I don't have any experience with a rot board, so I'll not comment on that; but I'd keep the rest simple; two rails rather than 3 and I'd just use metal brackets to attach them to the posts, which will be plenty strong, resist the urge to dado! 
Posts in 2 ft holes with cement will work well, or 3 ft with packed gravel. I've never used the metal post anchors, I think that I'd be sceptical of their durability.


----------



## FenceWorkshop (Nov 5, 2009)

Greg,

I hope this is helpful, but here are all my wood privacy fences. You can click on each style and then see all the upgrades on the fence. For rot boards or bottom fascia boards as I call them, we typically will use 1×4 pt pine. For esthetics, we typically do not use metal posts on wood fences. By the time you add up the hardware required, it will have just been better to buy an 8' 4×4 pt pine post. It's important to keep in mind, there is a lot of different designs you can do using the same 4×4's, 2×4's, 1×4's and dogeared pickets. I hope the site and the way I have laid out all of the fence style features is helpful in choosing a style. Good luck and have fun!


----------



## LesB (Dec 21, 2008)

I'm not a fence builder but I have put up a few fences.
I like the idea of the metal anchors but I would put them in concrete. The reason the metal will keep the wood out of the soil and pretty much prevent the wood rotting off as it does with dirt or cement alone. 
You could even use a couple of pieces of angle iron (galvanized) or aluminum set in concrete at opposite corners of the post. Then bolt or screw the posts to them. Make sure the wood does not contact the concrete or it will still wick up moisture and rot…...a piece of asphalt roofing between the wood and concrete will work. One time I had a bunch of 1 1/2" pipes that I cut into 3 1/2 foot lengths. I cemented them in and bolted the posts to them. That was almost 30 years ago and the fence is still standing.
If the fence boards you get are wet be sure to let them dry before using because they will shrink and leave gaps if you don't. Here on the West Coast cedar and redwood are cut at the mill and shipped directly to the lumber supply stores wet.
he boards


----------



## GregD (Oct 24, 2009)

Thanks Rob - You have me leaning toward the metal brackets (rail hangers) but I might stick with 3 rails. The finished height will be 7 ft, and the purpose of the fence is to confine big dogs.
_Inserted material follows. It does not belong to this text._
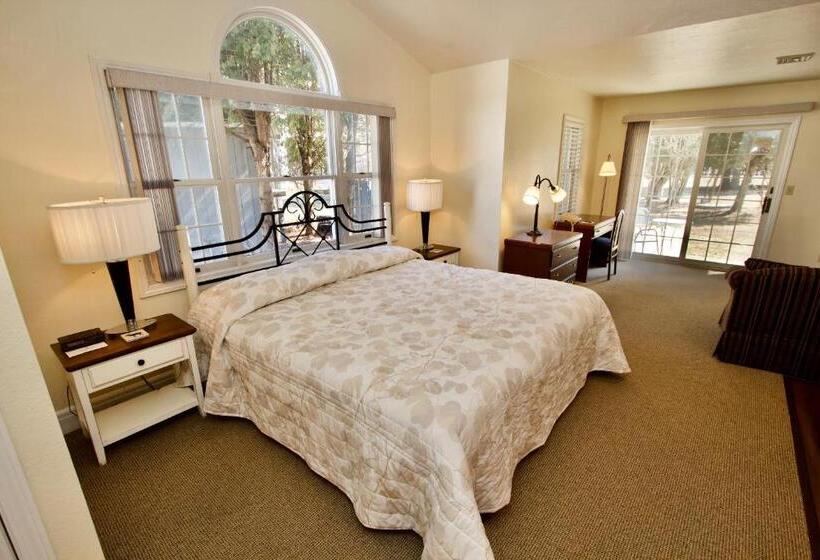 غرفة سوبيريور سرير كينج, Baileys Harbor Yacht Club Resort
Thanks also, Brent. You have a lot of great fence designs. Unfortunately, my home owner's association wants everything bland and boring, so what I am going for is something like your Baxter design because that is all they will approve. I'm probably going to go with rail hangers which will add about $0.75/ft because I'm thinking they would allow me to remove the panels from the post. I probably won't ever do that, but I might get the urge when there is a hurricane headed my way. Lots of fences get replaced after a hurricane…

It turns out the fence height will be 7 ft. The least expensive way to do that given my HOA constraints is to use a 2×12 rot board below 6 ft pickets. This will be 3/4" shy of 7 ft, but I think that will be close enough. Otherwise I'd have to cut down 8 ft pickets and the 6 ft pickets are relatively cheap because they are so commonly used around here. Again, the purpose is to confine big dogs and such a hefty rot board will give me a lot of strength where the dogs are likely to dig at the fence. And this would let me build up the mulch more if I put in a planting bed along the outside of the fence.

With a 7 ft finished height, how deep should I put the 4×4 posts? I expect to be using 10 ft posts and can bury them as deep as 3 ft for only the cost of additional cement. If I did that I certainly wouldn't like to have to pull them out when the post rots.

Les B - I was giving up on the metal post anchor, but your idea of cementing in a metal support to keep the wood posts off the ground sounds appealing. I'll have to think on that. 30 years from now I won't much care about the fence, but before then I might.


----------